Após uma interrupção superior a dois meses e em novo formato anunciado em agosto, foram retomadas esta semana as apelidadas “reuniões do Infarmed”, que se destinam a avaliar a evolução epidemiológica da Covid-19, com a presença de decisores políticos, parceiros socias, técnicos especialistas e investigadores das mais diversas entidades.
A primeira do novo formato foi realizada a Norte numa instituição de reconhecida excelência no ensino superior – a Faculdade de Medicina da Universidade do Porto – num invulgar exemplo da desejável transparência que o Estado e as suas instituições, pagas por todos os portugueses, devem elas próprias promover (por missão e cumprimento da lei e não por exigências exteriores), com a transmissão pública das apresentações técnicas realizadas.

Após o anúncio anterior de que o país entrará em novo Estado de Contingência a partir de 15 de setembro, foi com renovada expectativa, não só pela nova configuração e transmissão pública mas também pelas dificuldades que se adivinham, que os portugueses aguardaram o que os jornalistas e os líderes políticos teriam a dizer ao país.
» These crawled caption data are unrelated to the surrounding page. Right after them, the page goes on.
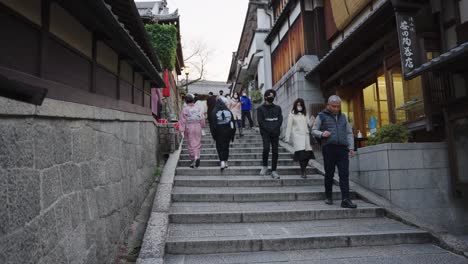 Kyoto-traditional-streets-and-stone-steps-to-Kiyomizu-zaka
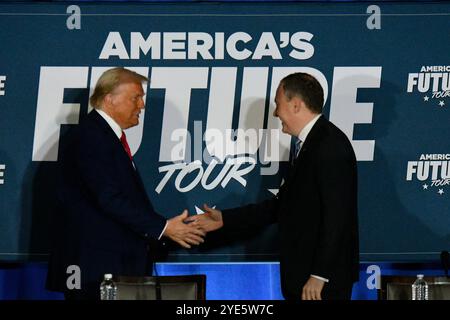 Drexel Hill, États non liés. 29 octobre 2024. Candidat républicain à la présidence, l'ancien président américain Donald Trump arrive pour prendre la parole lors de la table ronde Building America's future le 29 octobre 2024 à Drexel Hill, PA. (Photo de Bastiaan Slabbers/Sipa USA) crédit : Sipa USA/Alamy Live News Banque D'Images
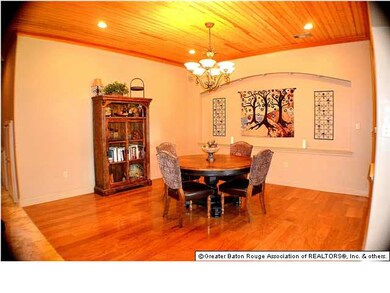Dining Room - Large arched art display area!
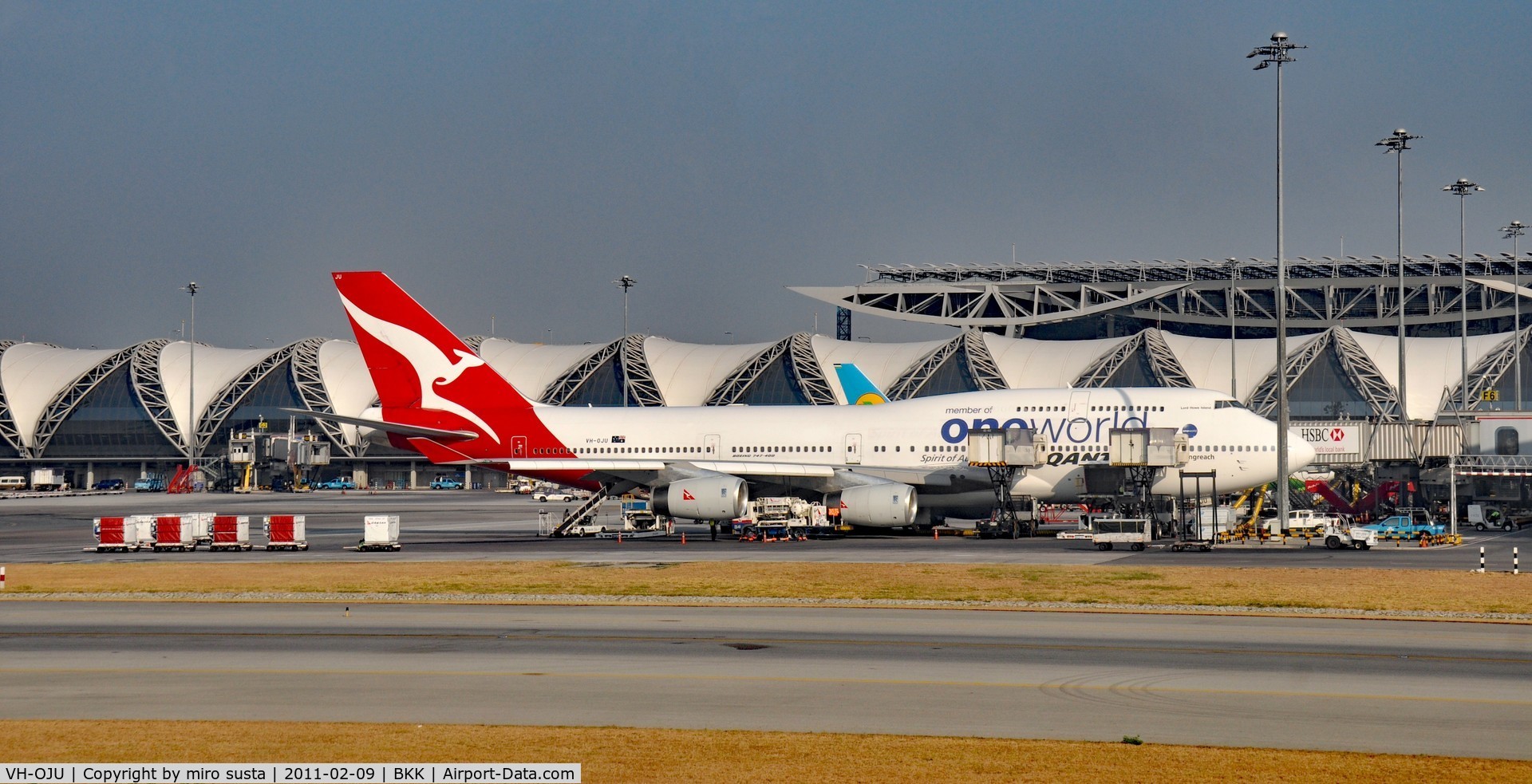 VH-OJU, 1999 Boeing 747-438 C/N 25566, Qantas Airlines Boeing 747-438 Airplane, Bangkok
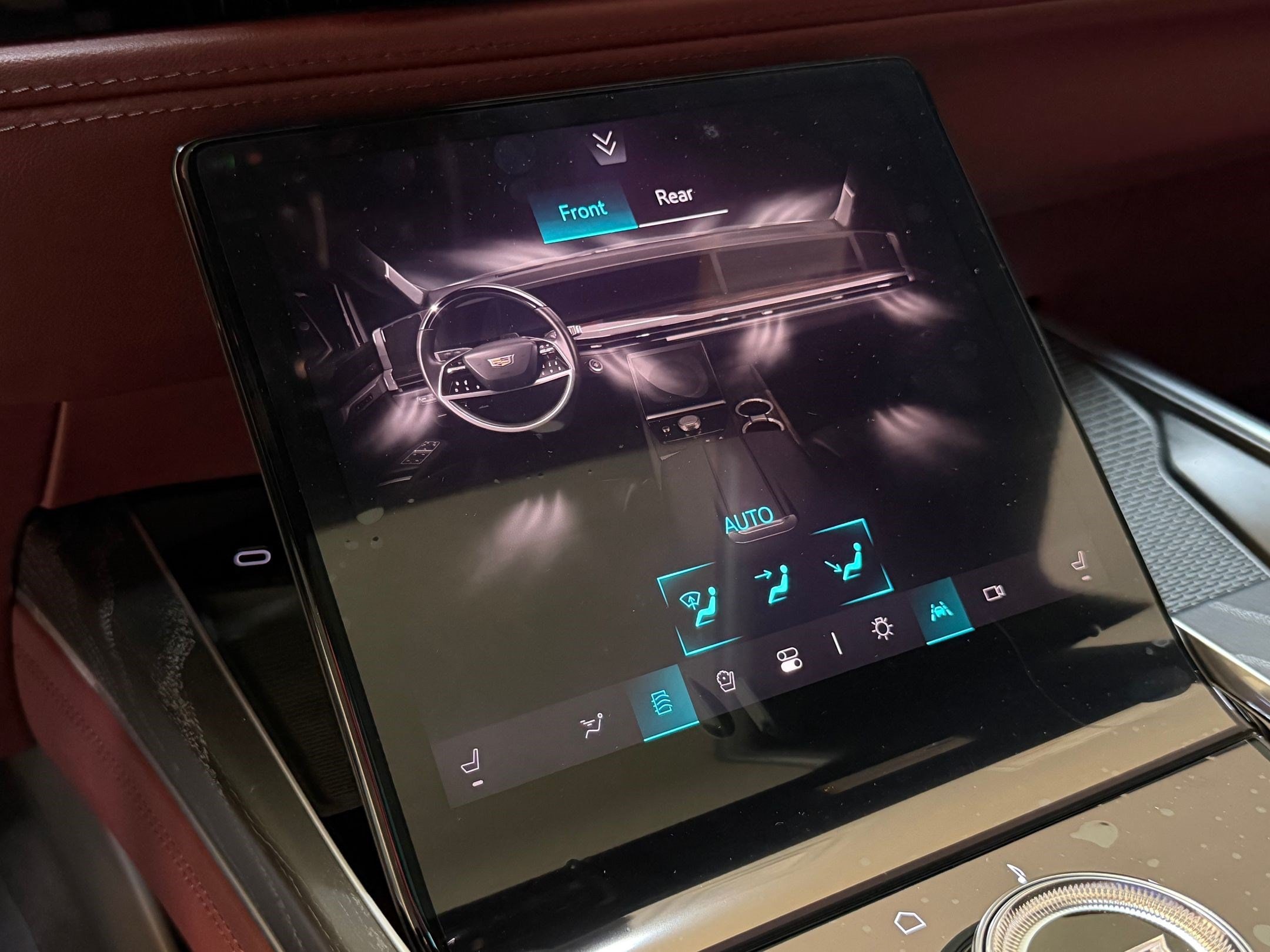 2026 Cadillac Escalade Luxury - Photo 37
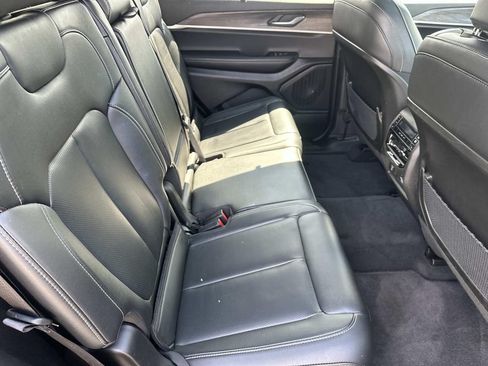 Used 2025 Jeep Grand Cherokee L Limited w/ Luxury Tech Group II AWD/4WD image 15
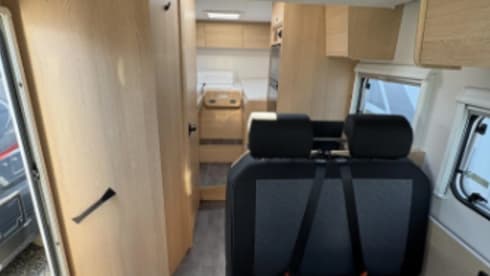 E-type – Gloednieuwe Sunlight Camper 2026 | Lengtebedden + Hefbed | 2–4 Pers.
Supostamente, este encontro seria decisivo para o rumo futuro, necessariamente de curto prazo e de monitorização e reavaliação permanentes da situação.

Precisamente por este motivo, foram certamente surpreendentes para a generalidade dos portugueses algumas das preocupações que terão sido discutidas no período de debate, este já à porta fechada, referenciadas por jornalistas e vários atores políticos, por exemplo, as relacionadas com a evolução verificada nos lares residenciais e serviços de ação social de apoio aos mais idosos.
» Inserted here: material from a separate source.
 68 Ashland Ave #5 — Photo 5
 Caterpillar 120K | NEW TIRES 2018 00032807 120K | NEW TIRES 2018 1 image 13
O Presidente da Assembleia da República terá sentido mesmo a necessidade de questionar a evolução do cenário verificado nos últimos meses, com crescente visibilidade de episódios de instituições por todo o país que afinal enfrentam dificuldades que em nada divergem das visíveis debilidades da resposta do Estado a que assistimos no segundo trimestre do ano, apesar dos insuperáveis esforços de profissionalismo, abnegação e sentido de missão de serviço público dos seus trabalhadores , a par dos profissionais da economia social privada.

Se, numa primeira fase do segundo trimestre do ano, estas dificuldades poderiam, aos olhos de muitos, parecer compreensíveis e aceitáveis pela impreparação para uma situação inédita, neste momento, que deveria ser de prontidão de resposta a alguns cenários já previsíveis, e de maior dificuldade, que se avizinham, até por se sobreporem a um timing habitual de pressão e risco, motivado pela gripe, sobre o Serviço Nacional de Saúde e instituições de apoio social, públicas e privadas, não podem agora deixar de merecer um escrutínio com outra exigência na eficácia de respostas.

Não deixa de ser igualmente surpreendente, algumas semanas após as declarações da Ministra da Segurança Social desvalorizando, em comparação com outros países, a quantidade conhecida de infeções e de mortes em lares, que esta sessão de trabalho tenha integrado, e bem, duas apresentações que abordaram problemáticas relacionadas com o início do ano letivo, mas não tenha incluído uma abordagem à problemática destes portugueses que não podem ser deixados para trás.

Cá fora, a vida continua e muitos de nós tiveram oportunidade de retomar a possível e nova “normalidade”, com novos desafios diários, alguns inclusive, fazendo as merecidas férias. Lá dentro, os mais afortunados em qualidade de vida, confinados e limitados nas suas vivências com família e amigos assistem aos mesmos telejornais que nós e leem a mesma imprensa.

É urgente uma nova eficácia na capacidade de o Estado dar resposta a esta realidade. São preocupantes as mais recentes evidências de que continuamos a não conhecer a realidade das instituições, públicas e privadas, legais e ilegais, que acolhem e melhor deveriam cuidar de todos nós, precisamente quando mais fragilizados estamos. São preocupantes as evidências de que continuamos a não responder à necessidade de empreender uma metodologia e organização integrada, em todo o território nacional, de dar respostas de apoio social e na área da saúde que colmatem eficazmente as gritantes discrepâncias que os portugueses bem conhecem, desde logo no acesso e na qualidade do apoio prestado aos mais frágeis.

Agora não há desculpa, temos seis meses de experiência. Temos de saber cuidar, (re)avaliar e agir. Ninguém pode ser deixado para trás. O vírus não distingue realidades socioeconómicas. O vírus não distingue um lar legal de um lar ilegal. O Estado sim. E sabe bem porquê.